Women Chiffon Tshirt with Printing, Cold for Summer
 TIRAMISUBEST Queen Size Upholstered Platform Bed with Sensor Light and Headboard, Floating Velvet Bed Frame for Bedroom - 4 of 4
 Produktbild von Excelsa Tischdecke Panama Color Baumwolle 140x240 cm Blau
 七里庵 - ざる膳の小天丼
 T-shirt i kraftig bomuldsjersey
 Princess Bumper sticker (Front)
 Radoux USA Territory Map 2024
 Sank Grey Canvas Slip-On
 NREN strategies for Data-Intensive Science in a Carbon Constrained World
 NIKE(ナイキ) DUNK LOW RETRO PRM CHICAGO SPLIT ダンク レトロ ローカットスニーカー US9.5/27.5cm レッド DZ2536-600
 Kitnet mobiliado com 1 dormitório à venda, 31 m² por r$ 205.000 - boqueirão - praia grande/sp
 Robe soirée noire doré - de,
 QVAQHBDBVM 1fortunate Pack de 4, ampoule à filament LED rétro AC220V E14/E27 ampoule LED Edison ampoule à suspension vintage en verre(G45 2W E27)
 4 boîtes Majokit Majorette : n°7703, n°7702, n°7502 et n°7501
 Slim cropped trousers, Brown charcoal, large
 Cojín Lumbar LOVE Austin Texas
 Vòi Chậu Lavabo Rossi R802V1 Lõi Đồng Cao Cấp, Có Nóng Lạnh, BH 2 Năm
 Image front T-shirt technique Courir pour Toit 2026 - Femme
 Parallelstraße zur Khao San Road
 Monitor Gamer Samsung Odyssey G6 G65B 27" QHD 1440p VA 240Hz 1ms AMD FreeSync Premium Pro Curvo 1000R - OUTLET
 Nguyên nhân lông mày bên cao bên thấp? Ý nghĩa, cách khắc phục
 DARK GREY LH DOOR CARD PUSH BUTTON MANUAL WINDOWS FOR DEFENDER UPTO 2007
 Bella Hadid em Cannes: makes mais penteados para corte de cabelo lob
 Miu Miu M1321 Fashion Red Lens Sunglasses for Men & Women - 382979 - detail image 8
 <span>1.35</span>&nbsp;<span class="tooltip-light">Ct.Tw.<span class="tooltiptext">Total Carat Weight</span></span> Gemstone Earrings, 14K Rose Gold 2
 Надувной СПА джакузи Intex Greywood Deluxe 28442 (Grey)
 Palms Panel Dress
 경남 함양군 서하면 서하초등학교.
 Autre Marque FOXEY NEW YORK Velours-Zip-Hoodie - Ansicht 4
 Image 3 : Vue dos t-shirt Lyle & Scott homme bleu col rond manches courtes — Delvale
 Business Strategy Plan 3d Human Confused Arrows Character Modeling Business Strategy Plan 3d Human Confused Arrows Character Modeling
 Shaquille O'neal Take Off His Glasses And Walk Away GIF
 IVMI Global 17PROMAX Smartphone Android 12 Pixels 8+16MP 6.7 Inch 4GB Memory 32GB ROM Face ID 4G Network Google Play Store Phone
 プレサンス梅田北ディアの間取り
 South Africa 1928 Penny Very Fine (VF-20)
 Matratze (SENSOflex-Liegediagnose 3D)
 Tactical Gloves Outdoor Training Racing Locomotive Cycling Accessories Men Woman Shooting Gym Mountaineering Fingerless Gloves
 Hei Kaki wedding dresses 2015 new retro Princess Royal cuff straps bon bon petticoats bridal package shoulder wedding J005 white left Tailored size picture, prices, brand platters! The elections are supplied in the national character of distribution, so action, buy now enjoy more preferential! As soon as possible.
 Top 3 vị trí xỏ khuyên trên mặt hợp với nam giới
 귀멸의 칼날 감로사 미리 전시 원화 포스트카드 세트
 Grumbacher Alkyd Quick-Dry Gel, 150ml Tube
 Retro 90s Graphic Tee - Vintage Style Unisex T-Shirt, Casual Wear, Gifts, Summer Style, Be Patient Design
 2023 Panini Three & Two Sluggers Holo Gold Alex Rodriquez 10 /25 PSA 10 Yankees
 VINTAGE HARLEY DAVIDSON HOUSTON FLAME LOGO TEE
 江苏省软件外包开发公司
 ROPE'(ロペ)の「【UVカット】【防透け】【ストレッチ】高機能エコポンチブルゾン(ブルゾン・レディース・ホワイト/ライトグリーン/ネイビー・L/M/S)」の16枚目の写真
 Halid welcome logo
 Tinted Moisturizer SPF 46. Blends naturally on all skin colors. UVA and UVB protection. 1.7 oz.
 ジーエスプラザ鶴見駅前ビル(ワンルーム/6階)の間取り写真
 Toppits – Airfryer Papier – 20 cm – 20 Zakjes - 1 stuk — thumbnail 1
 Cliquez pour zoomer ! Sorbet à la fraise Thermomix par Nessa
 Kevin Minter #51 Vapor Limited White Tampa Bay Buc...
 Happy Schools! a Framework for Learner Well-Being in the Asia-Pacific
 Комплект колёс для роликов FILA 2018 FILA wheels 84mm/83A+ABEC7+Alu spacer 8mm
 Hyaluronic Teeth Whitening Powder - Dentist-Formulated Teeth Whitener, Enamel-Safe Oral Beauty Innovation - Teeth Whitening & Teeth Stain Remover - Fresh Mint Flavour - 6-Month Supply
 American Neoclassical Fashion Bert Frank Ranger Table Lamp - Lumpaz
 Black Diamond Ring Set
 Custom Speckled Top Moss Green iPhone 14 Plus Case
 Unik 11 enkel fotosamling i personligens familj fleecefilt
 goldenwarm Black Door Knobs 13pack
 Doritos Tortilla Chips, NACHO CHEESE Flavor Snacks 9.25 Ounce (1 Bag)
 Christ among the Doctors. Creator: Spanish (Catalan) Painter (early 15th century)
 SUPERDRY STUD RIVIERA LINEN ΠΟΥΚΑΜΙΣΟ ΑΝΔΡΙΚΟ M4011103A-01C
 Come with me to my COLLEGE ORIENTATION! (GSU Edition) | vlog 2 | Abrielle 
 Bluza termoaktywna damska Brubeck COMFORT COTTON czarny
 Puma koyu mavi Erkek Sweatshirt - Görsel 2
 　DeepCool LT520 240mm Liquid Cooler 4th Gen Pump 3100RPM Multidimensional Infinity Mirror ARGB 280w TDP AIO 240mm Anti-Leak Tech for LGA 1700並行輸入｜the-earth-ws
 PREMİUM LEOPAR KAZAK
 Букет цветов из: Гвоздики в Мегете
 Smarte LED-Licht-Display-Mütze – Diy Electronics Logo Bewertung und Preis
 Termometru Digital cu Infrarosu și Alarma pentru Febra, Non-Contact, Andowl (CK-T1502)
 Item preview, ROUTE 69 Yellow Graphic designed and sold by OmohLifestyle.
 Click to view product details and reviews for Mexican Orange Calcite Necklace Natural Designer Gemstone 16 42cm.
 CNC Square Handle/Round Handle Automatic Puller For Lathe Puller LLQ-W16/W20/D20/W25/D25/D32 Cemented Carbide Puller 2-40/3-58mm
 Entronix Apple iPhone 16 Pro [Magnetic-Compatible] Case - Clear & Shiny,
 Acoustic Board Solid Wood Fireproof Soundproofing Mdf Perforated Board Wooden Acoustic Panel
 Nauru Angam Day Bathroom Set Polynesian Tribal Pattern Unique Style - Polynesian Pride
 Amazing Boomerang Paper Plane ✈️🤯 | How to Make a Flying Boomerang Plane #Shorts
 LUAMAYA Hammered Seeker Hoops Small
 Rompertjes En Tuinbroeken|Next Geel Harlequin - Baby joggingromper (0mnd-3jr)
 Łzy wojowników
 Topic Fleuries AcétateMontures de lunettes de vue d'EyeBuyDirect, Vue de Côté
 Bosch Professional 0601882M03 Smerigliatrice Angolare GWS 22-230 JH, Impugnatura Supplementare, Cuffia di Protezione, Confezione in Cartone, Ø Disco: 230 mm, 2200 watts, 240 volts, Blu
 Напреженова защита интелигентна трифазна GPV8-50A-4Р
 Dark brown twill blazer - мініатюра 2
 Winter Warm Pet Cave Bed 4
┄┄┄┄┄┄┄┄┄┄
**Exercise brief:** Your task is to retype the entries verbatim, starting with the line that holds "4 boîtes Majokit" and stopping after the line that holds "Parallelstraße zur Khao San Road".

**Expected answer:**
 4 boîtes Majokit Majorette : n°7703, n°7702, n°7502 et n°7501
 Slim cropped trousers, Brown charcoal, large
 Cojín Lumbar LOVE Austin Texas
 Vòi Chậu Lavabo Rossi R802V1 Lõi Đồng Cao Cấp, Có Nóng Lạnh, BH 2 Năm
 Image front T-shirt technique Courir pour Toit 2026 - Femme
 Parallelstraße zur Khao San Road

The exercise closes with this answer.